Dilemma is yes whether to dump kids (and dog in kennels) and go up to London and do what? Support father-in-law mainly - he has absolutely no-one else. I know there will be other festive seasons, but the kids have really missed out on the last two already and so we had a lot resting on this one, but hey-ho - what's Christmas really eh?
Think I'm going to hang around tomorrow and let the C go up there and suss things out - she may well be stabilised and manage for a while longer, but as her INR levels are so bad, if she suffers a bleed currently it will be fatal as her blood will not clot - they'll know tomorrow as to whether they've managed to control that a bit more. Also her pain is not being controlled, but when they upped the morphine even a little bit, she is unable to do anything herself as she's so jerky and confused - not a way to carry on living.

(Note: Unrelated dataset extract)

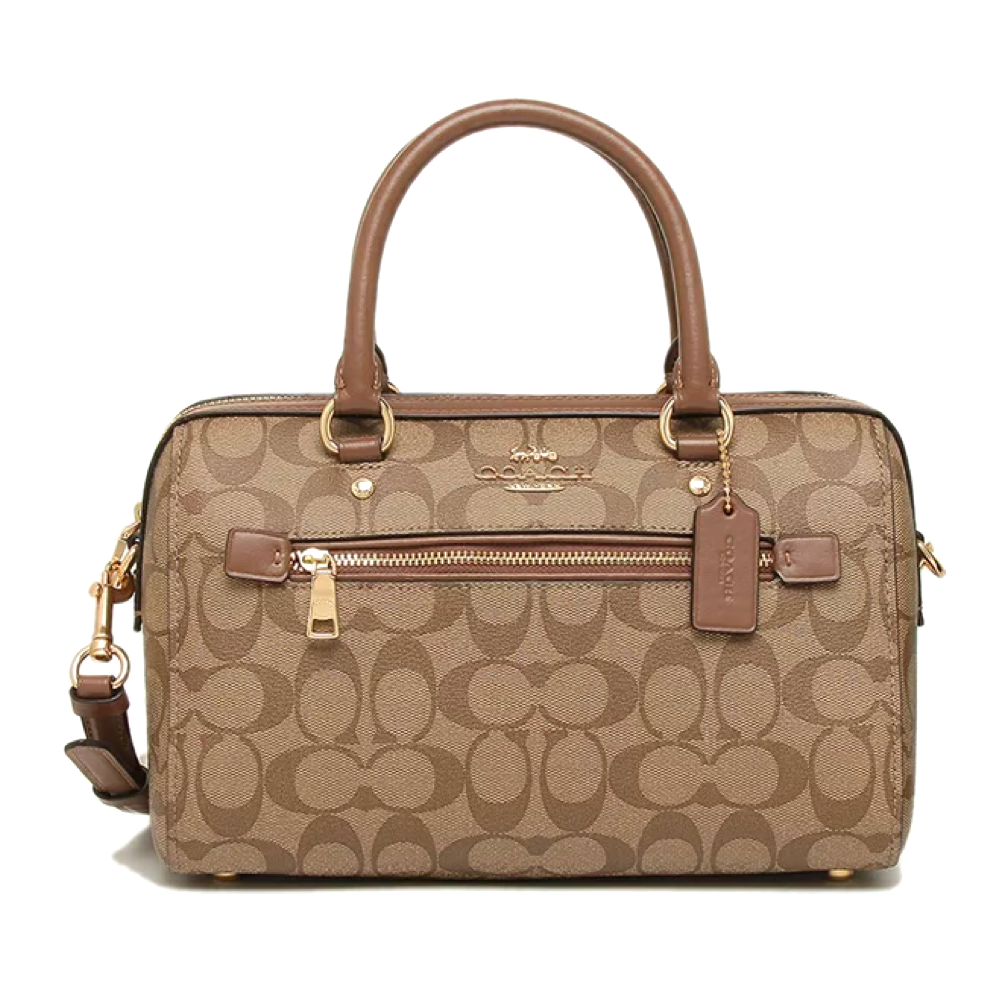 COACH HANDBAGS LINE SHOPPING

I can't just abandoned the children for an unknown about of time, and I can't really just bring them with me either. I don't want DD especially exposed to this if possible, as she is a real deep thinker and worrier - she has been through enough in her little life already coping with numerous moves and Daddy being aware in scary places.
Brother in law and family were due to fly in on Sunday morning - they may well change their plans. I'm about to ring father in law back and see what they said when he spoke to him.

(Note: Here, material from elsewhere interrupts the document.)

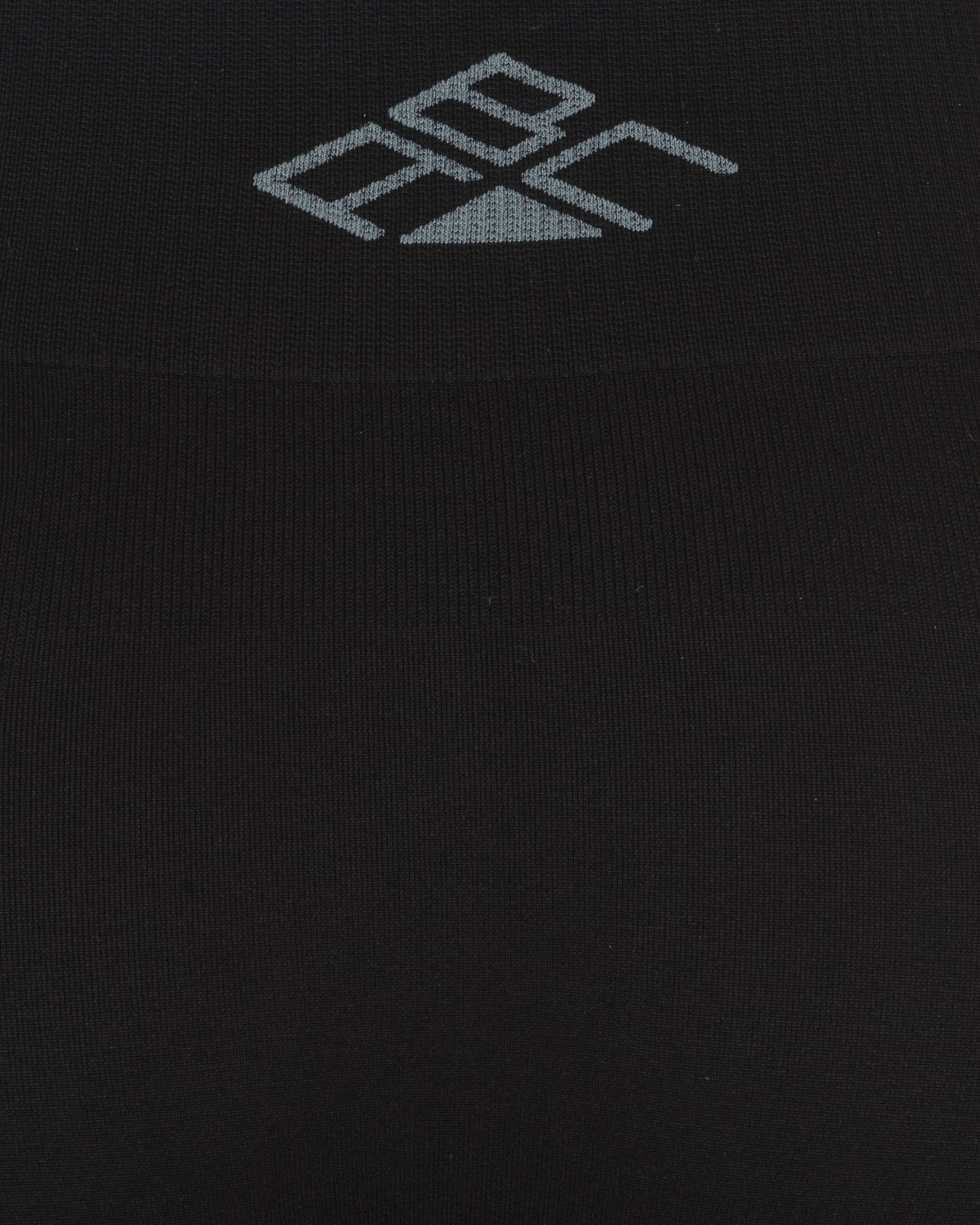 Calzamaglia ABC THERMAL JR - Nero - 2 | Cisalfa Sport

Part of me wants to be selfish and bury my head in the sand and stay here where it will be easier. My real side says that I should go to London and be there for FIL. The Colonel would rather the kids were happy, that would make him most relaxed, so thinks I should stay here for the time-being while he susses out what's going on. Thank goodness his work is being understanding!
Will be on my phone Lady D = just chat amongst yourself and make me laugh!! Tis what you are all best at.
FIL just phoned - he doesn't think there's much I can do tomorrow, but I'm definitely going down on Wednesday. I'm taking over organising funeral arrangements once he's managed to talk to her and decide if she has any idea where she wants to be buried. She wants a humanist funeral and a woodland burial, so not completely straightforward, but the power of MN has come to my rescue with some fab links and advice already!!
thanks for being here - sorry to lower the tone.